# Toxic Comment Challenge
* This is a very well known "Toxic Comment Challenge" from Kaggle.
* This will be challenging but considering you have experience with that Trump Tweets thing, I'm confident you'll pull it off.

# Data about Data 

You are provided with a large number of Wikipedia comments which have been labeled by human raters for toxic behavior. The types of toxicity are:
* *`toxic`*
* *`severe_toxic`*
* *`obscene`*
* *`threat`*
* *`insult`*
* *`identity_hate`*


* **train.csv** - the training set, contains comments with their binary labels
* **test.csv** - the test set, you must predict the toxicity probabilities for these comments. To deter hand labeling, the test set contains some comments which are not included in scoring.
* **sample_submission.csv** - a sample submission file in the correct format
* **test_labels.csv** - labels for the test data; value of -1 indicates it was not used for scoring; (Note: file added after competition close!)

___

***Things to do***
- Perform the data pre-processing.
- Perform EDA
- If there's an empty `Comment`, drop it.
- Remove punctuation
- Convert a collection of raw documents to a matrix of TF-IDF features using sklern TfidVectorizer
- Make a sparse matrix with required data for training and testing set using the sparse.hstack() method
- Create an empty(np.zeros) array "preds" of test size
- Fit a logisticRegression model
- Using the model.predict_proba() of LogisticRegression, calculate the probability and add it in the prediction array.
- Make the pred array, a pandas dataframe and set column names.
 
***What will be new***
- Almost everything is new. 
 
***What will be tricky***
- TfidVectorizer would be tricky, but you can refer to this sklearn documentation [HERE](https://scikit-learn.org/stable/modules/generated/sklearn.feature_extraction.text.TfidfVectorizer.html)

In [1]:
import numpy as np 
import pandas as pd

from sklearn.feature_extraction.text import TfidfVectorizer
from sklearn.linear_model import LogisticRegression
from scipy import sparse

In [42]:
# Sample output
pd.read_csv('sample_submission.csv').head(5)
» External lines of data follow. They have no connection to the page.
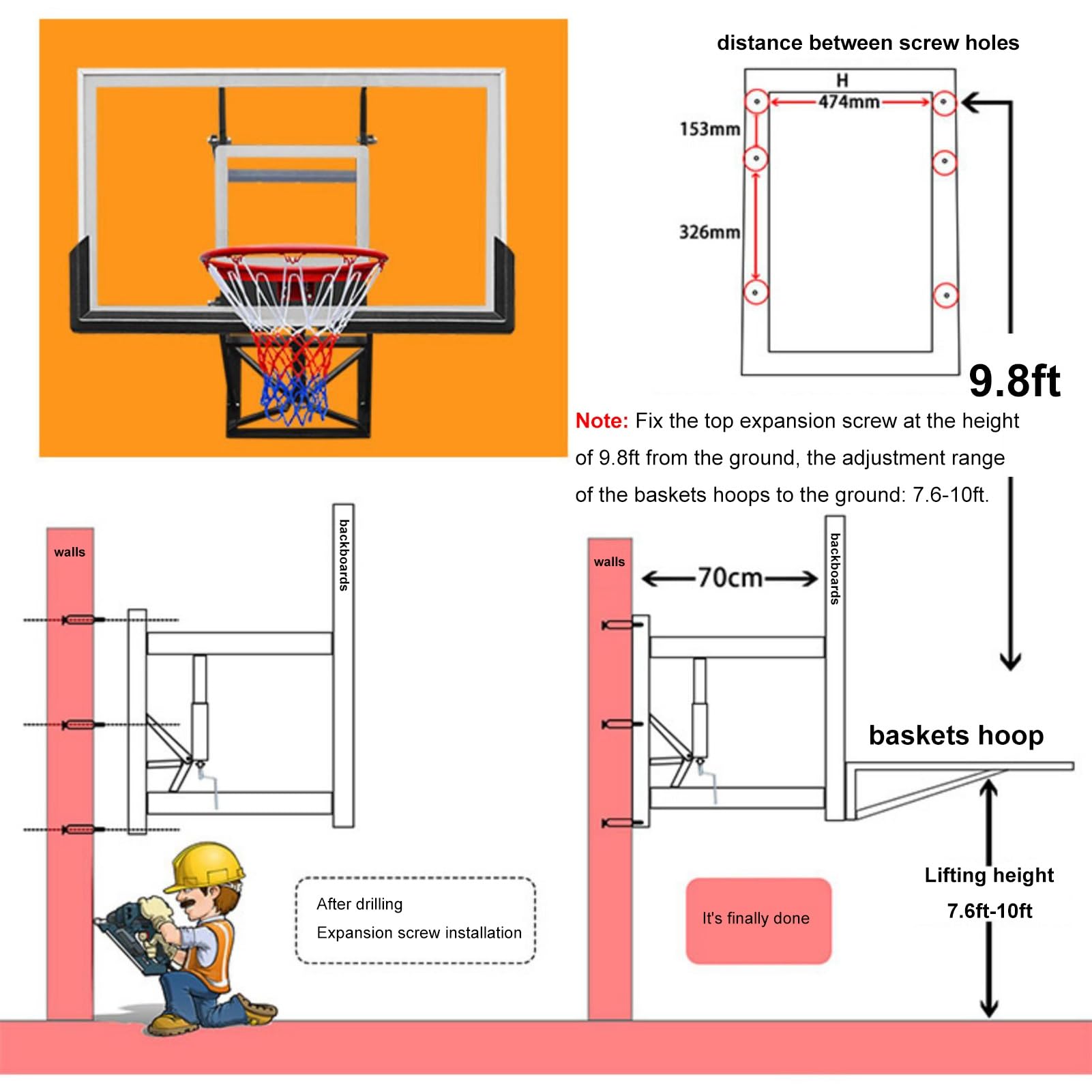 Heavy Duty Tempered Glass Backboard, Pro-Style Breakaway Rim, Durable Bracket and All Weather Net, Adjustable-Height, 54”x 32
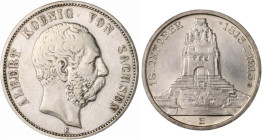 Sachsen. 
Lots. Lot von 7 Stücken: 2 Mark 1905 E, 3 Mark 1909 E und 1913 E zur Jahrhundertfeier der Völkerschlacht bei Leipzig und 5 Mark 1876 E, 190...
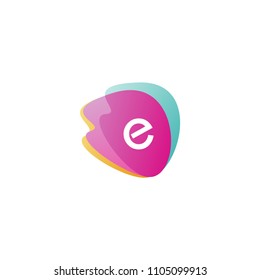 Letter E logo at colorful gradient splash background. Vector elements for posters, event, t-shirts and cards. 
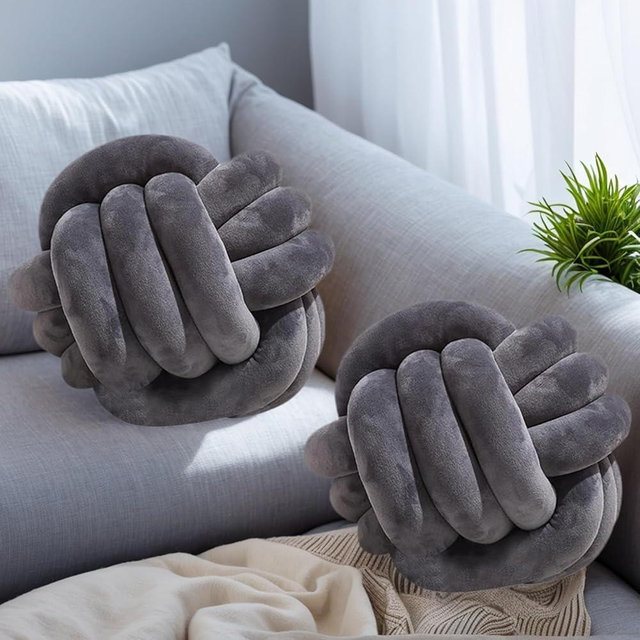Wadser 2 Pcs Knot Pillows, Dark Grey Knotted Ball Pillow Plush Throw Pillows for Bed Sofa Couch, 11" Decorative Round Pillow Cushions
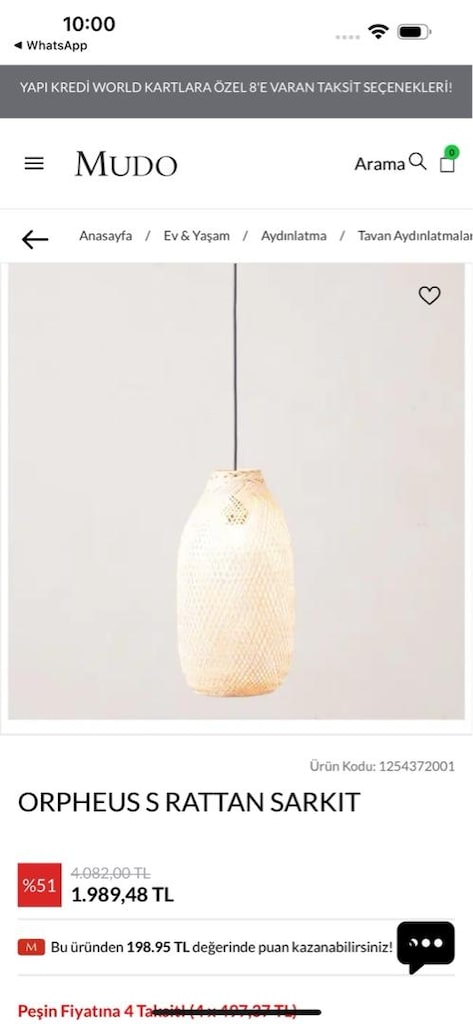 Mudo tasarım rattan avize - 7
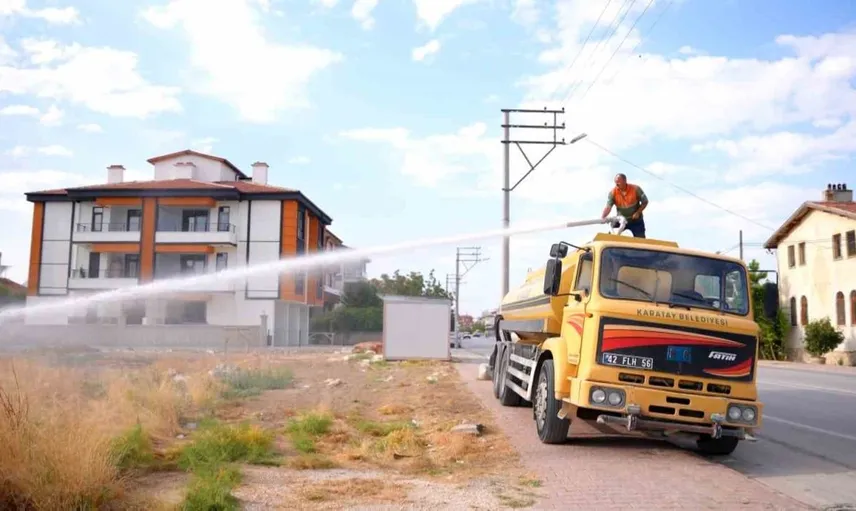 Karatay'da haşere ile mücadelede yenilikçi hava aracı kullanımı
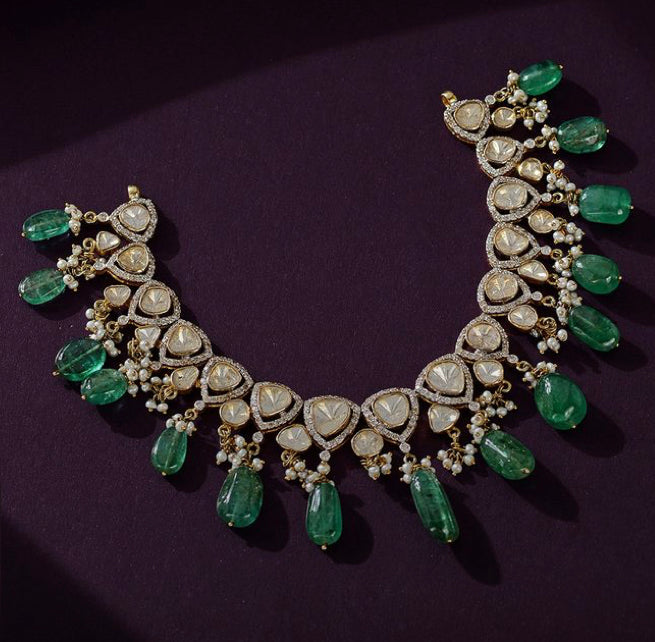 925 Silver Bindal Polki Necklace - Amrrutam 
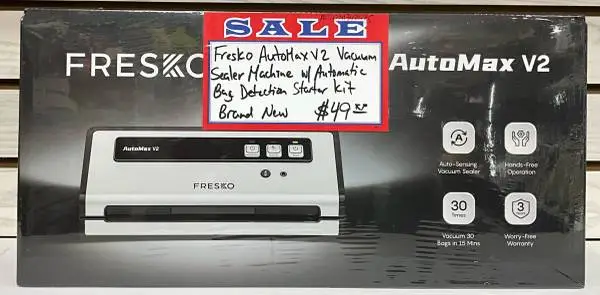 Fresko AutoMax V2 Vacuum Sealer Machine W/ Automatic Bag Detection Starter Kit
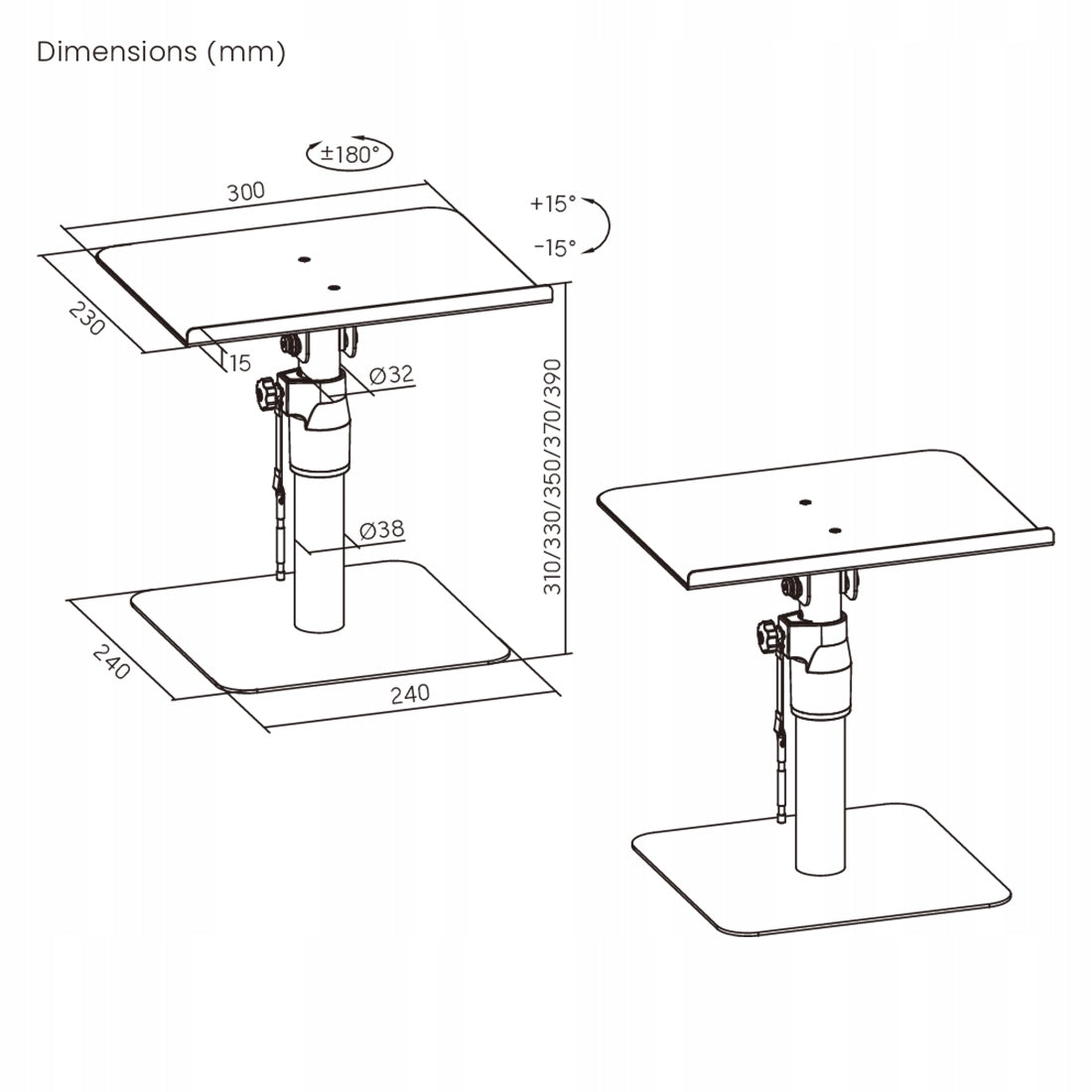 2x Desk Speaker Stands ADJUSTABLE up to 30kg Spacetronik black Manufacturer code SPP138B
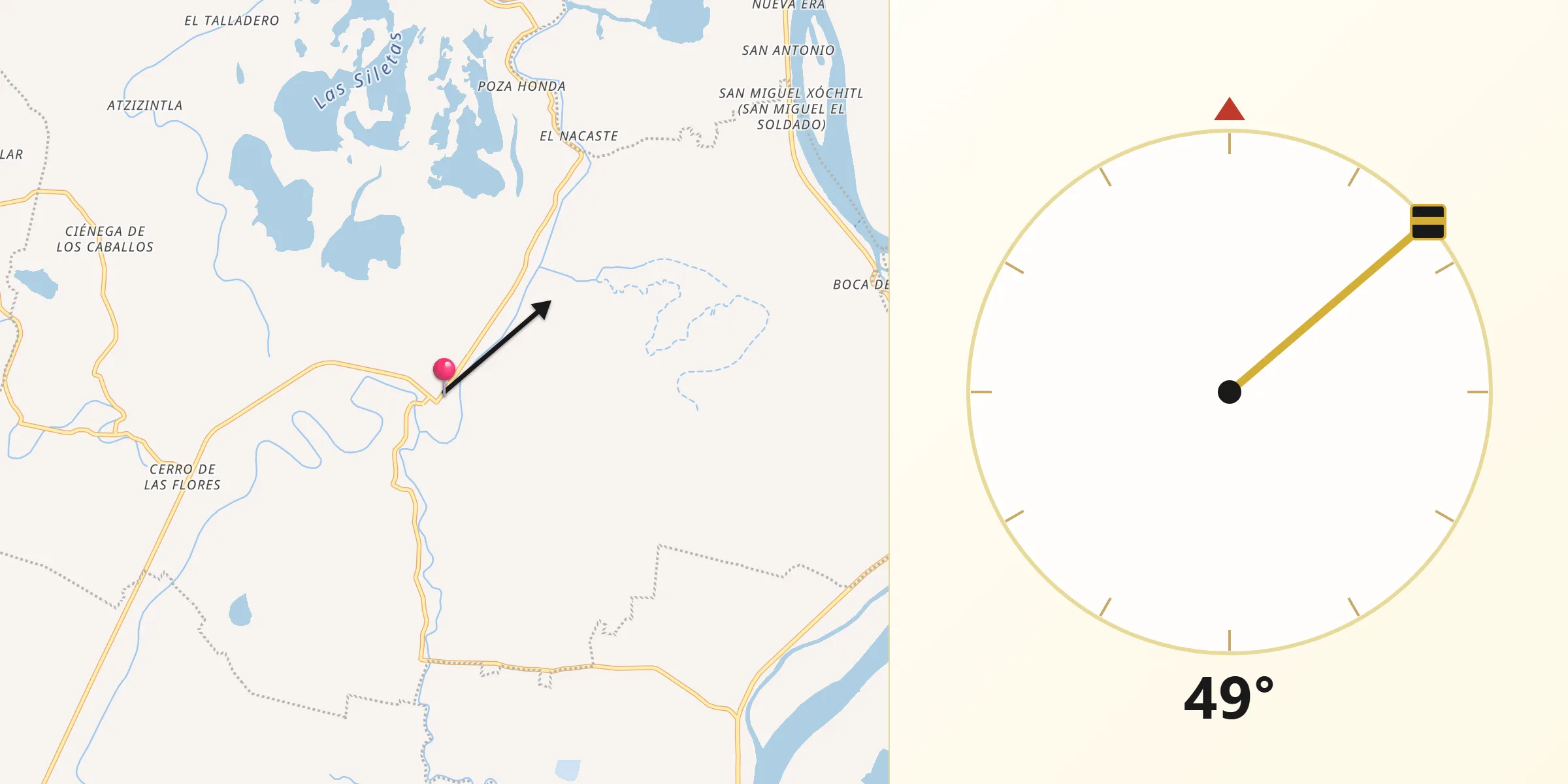 Dirección de la Qibla desde Acula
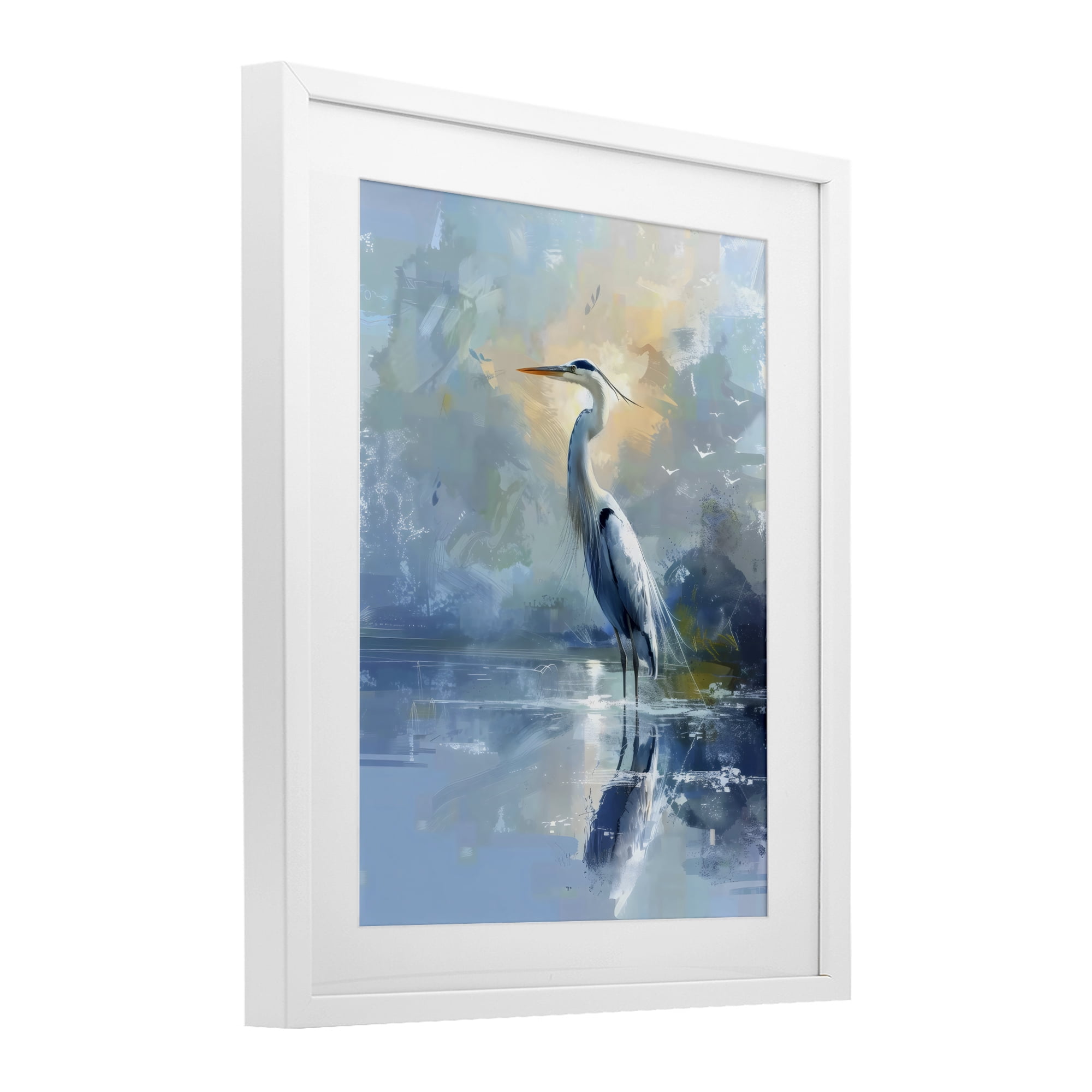Stupell Industries Tranquil Heron with Dawn Glow White Framed Print Under Glass, design by Creative Studio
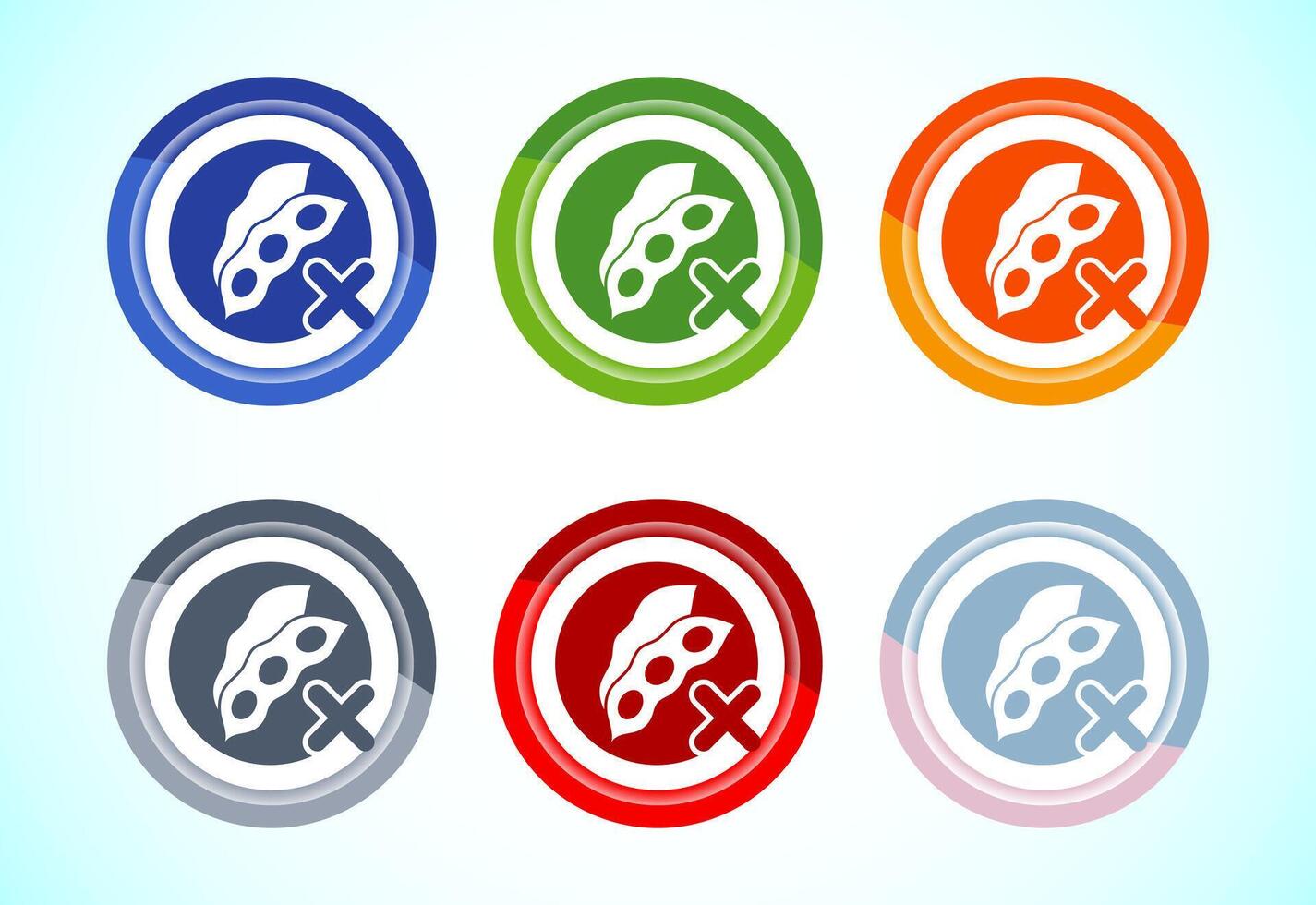 Soy or soya free icon design. Soy allergen free product food sign, 6 color button design vector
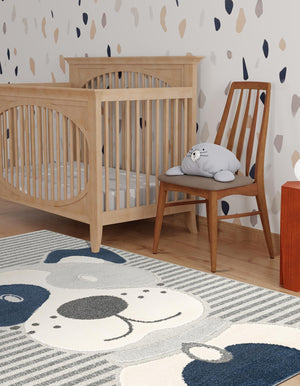 Blue and Gray 5' 3 x 8' Whimsy Kids Rectangle Rug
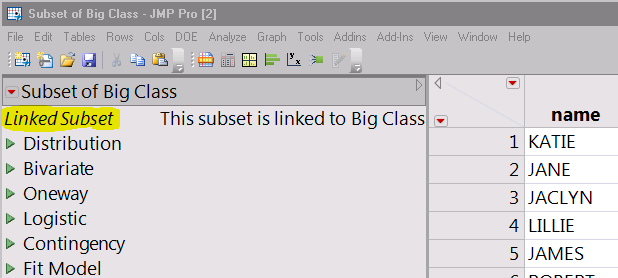 This linked subset has a table variable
Unnamed: 0,id,toxic,severe_toxic,obscene,threat,insult,identity_hate
0,00001cee341fdb12,0.5,0.5,0.5,0.5,0.5,0.5
1,0000247867823ef7,0.5,0.5,0.5,0.5,0.5,0.5
2,00013b17ad220c46,0.5,0.5,0.5,0.5,0.5,0.5
3,00017563c3f7919a,0.5,0.5,0.5,0.5,0.5,0.5
4,00017695ad8997eb,0.5,0.5,0.5,0.5,0.5,0.5


In [43]:
# Import train
df = pd.read_csv('train.csv')
df.head(5)

Unnamed: 0,id,comment_text,toxic,severe_toxic,obscene,threat,insult,identity_hate
0,0000997932d777bf,Explanation\nWhy the edits made under my usern...,0,0,0,0,0,0
1,000103f0d9cfb60f,D'aww! He matches this background colour I'm s...,0,0,0,0,0,0
2,000113f07ec002fd,"Hey man, I'm really not trying to edit war. It...",0,0,0,0,0,0
3,0001b41b1c6bb37e,"""\nMore\nI can't make any real suggestions on ...",0,0,0,0,0,0
4,0001d958c54c6e35,"You, sir, are my hero. Any chance you remember...",0,0,0,0,0,0


In [44]:
# remove punctuation, add a column with text length, , make lower cases

df['comment_text'] = df['comment_text'].str.lower() 
df['comment_text'] = df['comment_text'].str.replace('[\W_]+',' ')
df['text_length'] = (df['comment_text'].str.split('[\W_]+'))
df['text_length'] = df['text_length'].str.len()
df.head(10)

Unnamed: 0,id,comment_text,toxic,severe_toxic,obscene,threat,insult,identity_hate,text_length
0,0000997932d777bf,explanation why the edits made under my userna...,0,0,0,0,0,0,50
1,000103f0d9cfb60f,d aww he matches this background colour i m se...,0,0,0,0,0,0,21
2,000113f07ec002fd,hey man i m really not trying to edit war it s...,0,0,0,0,0,0,45
3,0001b41b1c6bb37e,more i can t make any real suggestions on imp...,0,0,0,0,0,0,118
4,0001d958c54c6e35,you sir are my hero any chance you remember wh...,0,0,0,0,0,0,15
5,00025465d4725e87,congratulations from me as well use the tools...,0,0,0,0,0,0,12
6,0002bcb3da6cb337,cocksucker before you piss around on my work,1,1,1,0,1,0,8
7,00031b1e95af7921,your vandalism to the matt shirvington article...,0,0,0,0,0,0,22
8,00037261f536c51d,sorry if the word nonsense was offensive to yo...,0,0,0,0,0,0,90
9,00040093b2687caa,alignment on this subject and which are contra...,0,0,0,0,0,0,12


In [45]:
# remove stop words

from nltk.corpus import stopwords
stop_words = set(stopwords.words('english'))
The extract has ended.